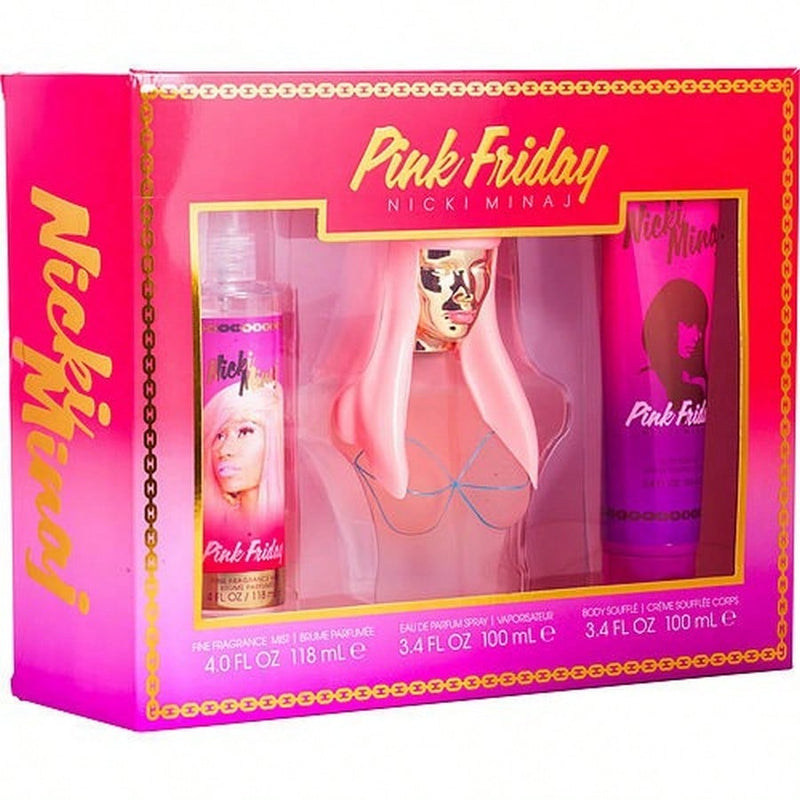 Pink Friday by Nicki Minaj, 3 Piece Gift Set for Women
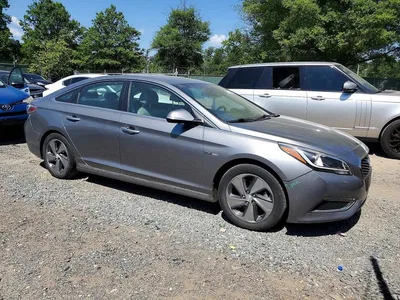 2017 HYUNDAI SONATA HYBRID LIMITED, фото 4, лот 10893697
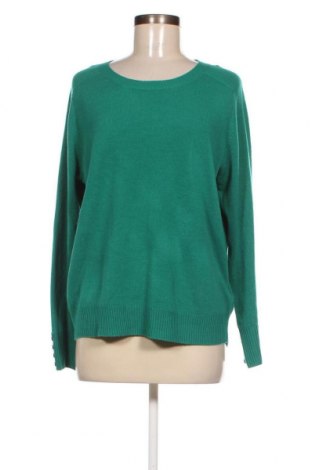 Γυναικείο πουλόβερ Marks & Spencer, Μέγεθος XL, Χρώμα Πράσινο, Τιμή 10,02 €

DIRECTIONS => All the lines above should be reproduced exactly, and none of the pictures.

OUTPUT OF THE TASK =>
 Pink Friday by Nicki Minaj, 3 Piece Gift Set for Women
 2017 HYUNDAI SONATA HYBRID LIMITED, фото 4, лот 10893697
 Γυναικείο πουλόβερ Marks & Spencer, Μέγεθος XL, Χρώμα Πράσινο, Τιμή 10,02 €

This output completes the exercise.